Diablo Ballet: This Walnut Creek-based chamber troupe’s most promising spring offering presents a new “Hamlet” set to Shostakovich and choreographed by Viktor Kabaniaev, whose previous works have shown an astute musicality and a keen taste for drama. Also on the bill: twin brother Nikolai Kabaniaev’s “Grand Pas D’Action,” to Glazunov; and the pas de deux from Balanchine’s fun and fizzy “Stars and Stripes.” (Mar. 23-24, Dean Lesher Regional Center for the Arts).
ODC Theater director Rob Bailis has assembled a terrific dance slate for spring, with a new work by Shift Physical Theater’s enormously talented Manuelito Biag in February, postmodern luminary Deborah Hay in March, and evenings from local choreographers-to-watch Alex Ketley in May and Mary Carbonara in June.
Joe Goode is the grand finale of a Yerba Buena Center for the Arts-presented lineup that includes African Diaspora-influenced Reggie Wilson in February; a collaboration between local veteran Kim Epifano and Oakland’s AXIS Dance Company that same month; and Chinese-born Yin Mei’s “The River” in March. (Joe Goode: May 31-June 9, Yerba Buena Center for the Arts).
San Francisco Performances also brings the whiplash Stephen Petronio Company in its new work set to Rufus Wainwright music in February.
Other dance events to anticipate: Robert Moses' Kin's 2007 season runs February 8-18. And ODC/Dance brings its 36th season to the Yerba Buena Center for the Arts March 1-18.
January 08, 2007 · 10:21 AM · Dance · Comments (1)
If you've still got last week's New Yorker winter fiction issue, I just love love love that Louise Erdrich story, "Demolition."

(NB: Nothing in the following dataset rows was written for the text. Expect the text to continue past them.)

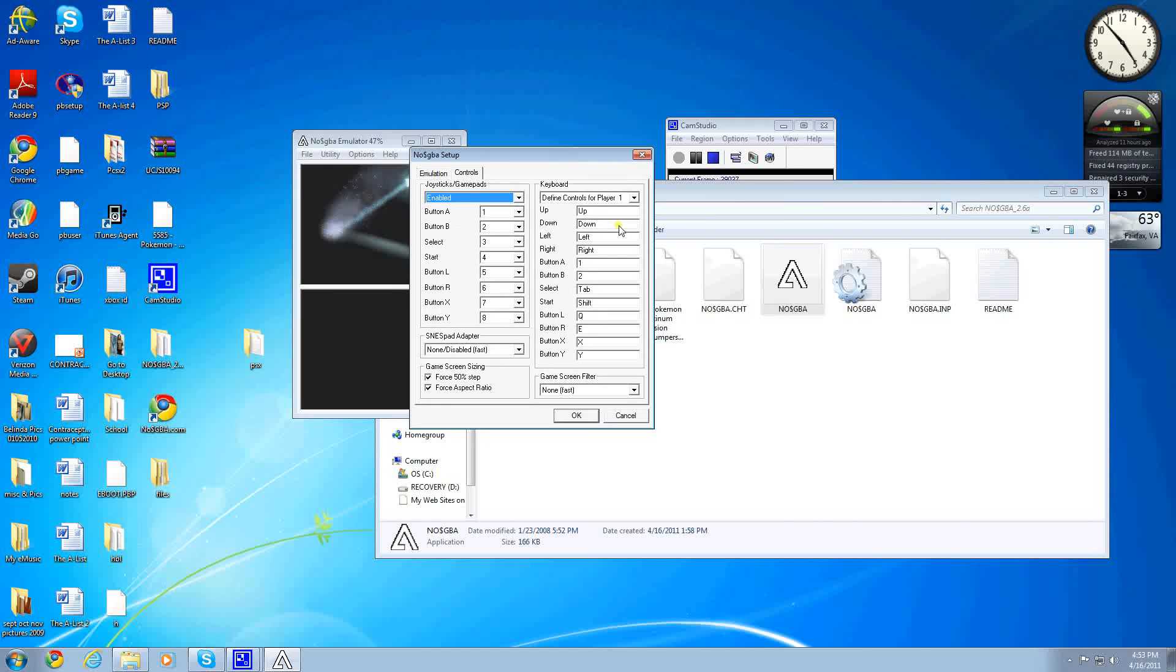You have Control Setup, and you can set up all the controls you want, like Up, Down, and A, B, and all the other controls.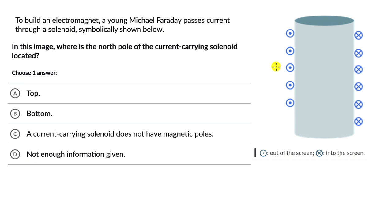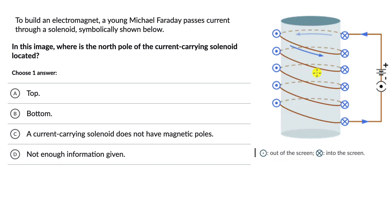Now we can see how the magnetic field lines work and how the current is really passing. Dot means current is coming out of the screen, and cross means it is going into the screen. So the circuit really looks like this — you have coils around the solenoid and you have current passing like this.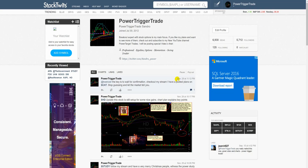PowerTriggerTrade's Andrew here on StockTwits. I've got a great idea — an option idea for APA. Let's get to the charts.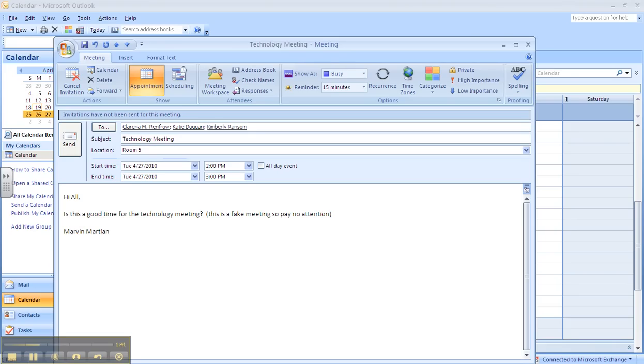OK. So once you have your attendees and everything is the same, and you've written them a nice little note telling them what the meeting is about and can they make it at this point in time.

January 05, 2007 · 01:13 PM · Books · Comments (0)
Christopher Wheeldon is starting his own ballet company. Nice to see that SF Ballet played a small part in this. From the NY Times:
"The idea began taking shape last summer when the San Francisco Ballet presented one of his pieces at the Lincoln Center Festival. The choreographer William Forsythe had a work on the same program, and the two spoke at length.

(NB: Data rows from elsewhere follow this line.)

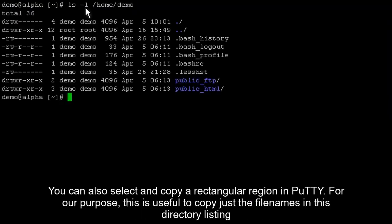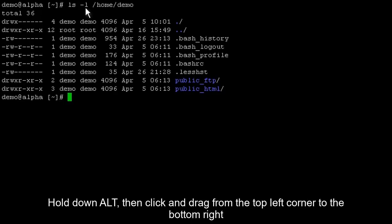You can also select and copy a rectangular region in PuTTY. For our purpose, this is useful to copy just the file names in this directory listing. Hold down Alt, then click and drag from the top left corner to the bottom right.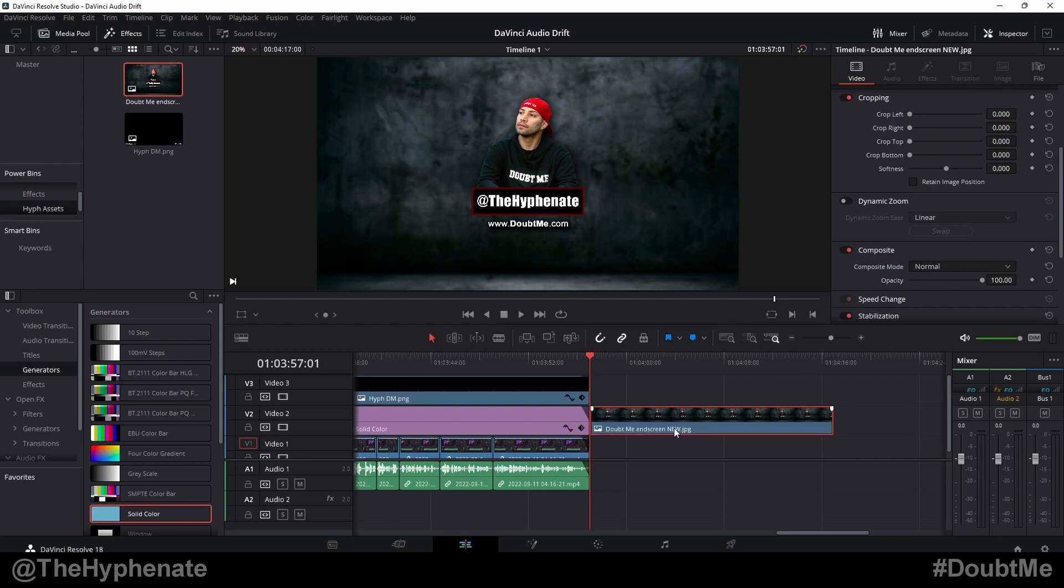Now I choose 20 seconds for my end screen because you could put up to 20 seconds on YouTube and then I put my end screen elements here on the corners.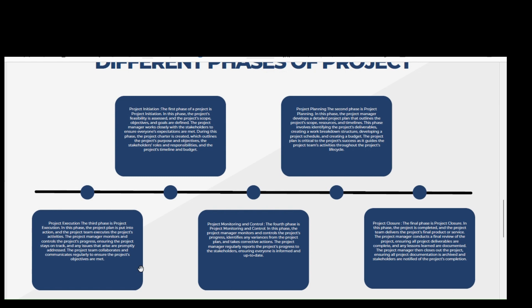Project closure. The final phase is project closure. In this phase, the project is completed and the project team delivers the project final product or service. The project manager conducts a final review of the project, ensuring all project deliverables are complete and any lessons learned are documented. The project manager then closes out the project, ensuring all project documentation is archived and stakeholders are notified of the project completion.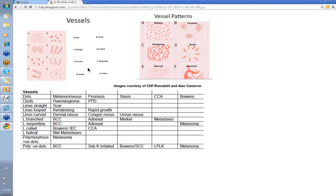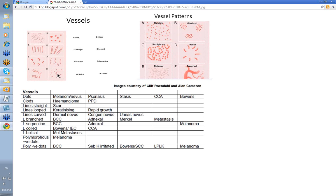These two images here are courtesy of Harold Kittler, Cliff Rosendahl and Alan Kamen. They've described vessels as dots, as straight lines, as curved lines, as helical lines, as clods, looped vessels — these were the hairpin things — serpentine vessels, and coiled vessels that you see in SCC in situ. These vessels can be arranged in certain patterns.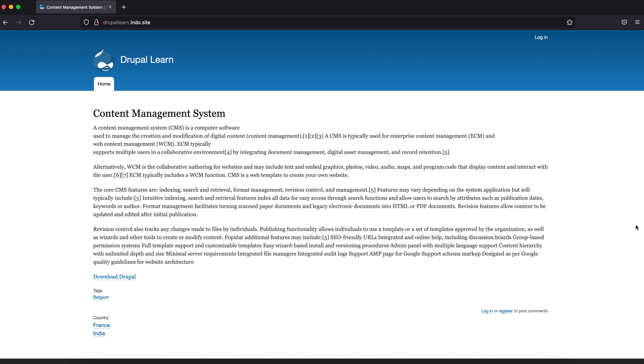Hey guys, welcome to Drupal Learn. Today we are going to see how to do a simple redirect using the Rules module. Let's go ahead and start.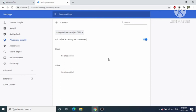This is how you can enable the webcam on the Google Chrome web browser. I hope you enjoyed this video, and I will see you in the next one.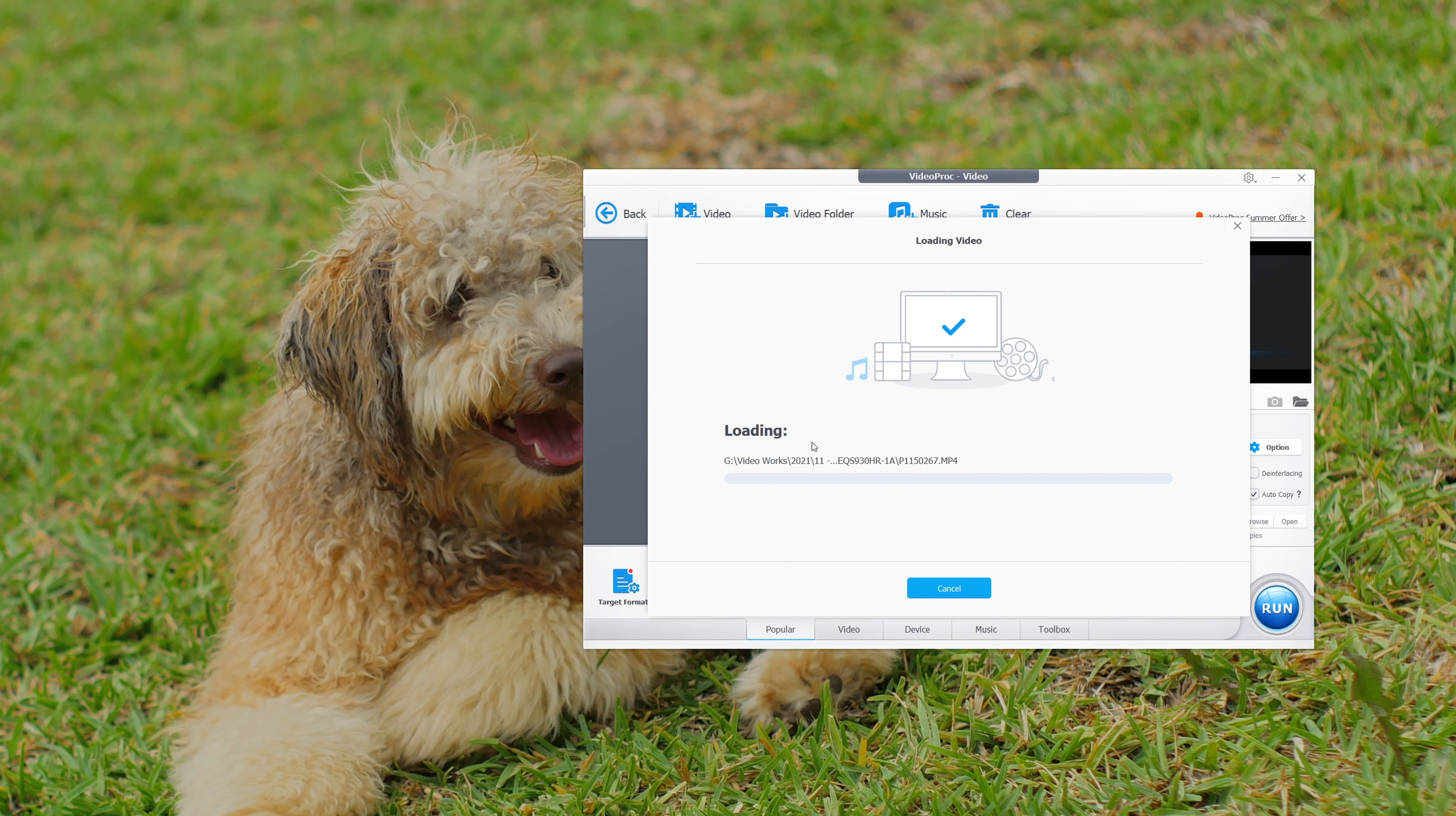The original was quite choppy to begin with. Now, to the right is the original, left is the stabilized. As we can see, it has cropped in a little bit. Mostly the subject was on the right anyhow. We can see that it is now much more smoother than what it was originally.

“He basically told me that I needed to take a step forward on my own and do something different, and coming from him — he is a man who has continued to invent himself — it was immediately resonant,” Mr. Wheeldon said."

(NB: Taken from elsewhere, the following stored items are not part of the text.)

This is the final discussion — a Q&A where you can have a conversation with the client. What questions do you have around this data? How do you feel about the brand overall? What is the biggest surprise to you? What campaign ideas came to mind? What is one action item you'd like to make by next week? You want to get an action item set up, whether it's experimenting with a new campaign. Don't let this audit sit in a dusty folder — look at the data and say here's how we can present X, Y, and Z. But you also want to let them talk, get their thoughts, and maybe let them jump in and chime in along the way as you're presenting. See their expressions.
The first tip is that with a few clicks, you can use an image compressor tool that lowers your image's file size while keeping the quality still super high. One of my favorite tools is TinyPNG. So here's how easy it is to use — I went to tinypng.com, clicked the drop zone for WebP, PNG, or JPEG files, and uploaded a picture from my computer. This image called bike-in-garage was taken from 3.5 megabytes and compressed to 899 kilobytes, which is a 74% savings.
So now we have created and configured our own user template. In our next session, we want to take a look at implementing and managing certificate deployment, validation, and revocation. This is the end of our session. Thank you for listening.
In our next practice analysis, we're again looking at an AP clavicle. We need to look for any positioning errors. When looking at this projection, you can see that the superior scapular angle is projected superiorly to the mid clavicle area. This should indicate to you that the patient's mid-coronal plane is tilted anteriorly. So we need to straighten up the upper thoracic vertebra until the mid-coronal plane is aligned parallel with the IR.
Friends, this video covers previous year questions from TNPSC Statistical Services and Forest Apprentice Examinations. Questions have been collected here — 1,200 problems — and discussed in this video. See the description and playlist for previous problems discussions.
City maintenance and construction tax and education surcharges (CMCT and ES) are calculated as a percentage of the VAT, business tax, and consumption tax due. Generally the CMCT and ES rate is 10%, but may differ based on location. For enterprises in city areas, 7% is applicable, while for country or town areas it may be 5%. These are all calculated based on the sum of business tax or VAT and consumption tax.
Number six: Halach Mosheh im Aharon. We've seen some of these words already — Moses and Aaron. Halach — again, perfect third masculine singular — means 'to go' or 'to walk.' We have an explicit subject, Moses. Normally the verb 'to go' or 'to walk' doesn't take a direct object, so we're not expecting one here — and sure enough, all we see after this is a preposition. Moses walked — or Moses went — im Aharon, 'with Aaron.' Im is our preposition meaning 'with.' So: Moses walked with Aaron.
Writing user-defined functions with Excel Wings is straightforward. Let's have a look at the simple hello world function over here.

January 05, 2007 · 01:07 PM · Dance · Comments (0)
I was very sorry to learn that Sara Linnie Slocum, lighting designer much appreciated and loved in Bay Area dance circles, died December 27. Appropriately, her memorial service will be held at the Cowell Theater this Sunday.
January 03, 2007 · 10:25 PM · Dance · Comments (0)
My friend Steve Elliott has just announced the following event, which I highly recommend:
"Laughing Liberally and LitPAC Present
Two Hours Of Comedy & Literature; A Benefit for Slain Iraqi Comedian Walid Hassan
When: Monday, January 8, 2007, 7pm to 9:00pm
Where: Make-Out Room, 3225 22nd St. at Mission
Comedians and writers will perform to raise money for the family of Walid Hassan who was murdered in Baghdad. Hassan was the creator of the sketch comedy show "Caricatures" on al-Sharkiya television, which made fun not only of the US Army and Iraqi authorities but also the Sunni insurgents and Shiite militias. The benefit at the Make-Out Room at 3225 22nd St. in San Francisco on Monday, January 8 at 7pm will feature subtitled video of Hassan's show.
Price: Donations requested of $10-20.
Who:
Daniel Handler author of Lemony Snicket
Andrew Sean Greer author of Confessions of Max Tivoli
Michelle Tea author of Valencia and Rent Girl
and Tom Barbash author of On Top of the World.
Comedians: headliner Joe Klocek, Sal Calanni of sketch group Tossing Alice, Ali Mafi of the Axis of Evil Comedy Tour, podcast comedy phenomenon Mark Day, Samantha Chanse, Tessie Chua, Arthur Gaus, and Kurt Weitzmann.
The benefit will be hosted by Nato Green of Iron Comic and Stephen Elliott of LitPAC"
I don't know about the comedians, but the writers involved are fantastic, and God knows we could all use a little humor with the bad news coming out of Iraq. See you there.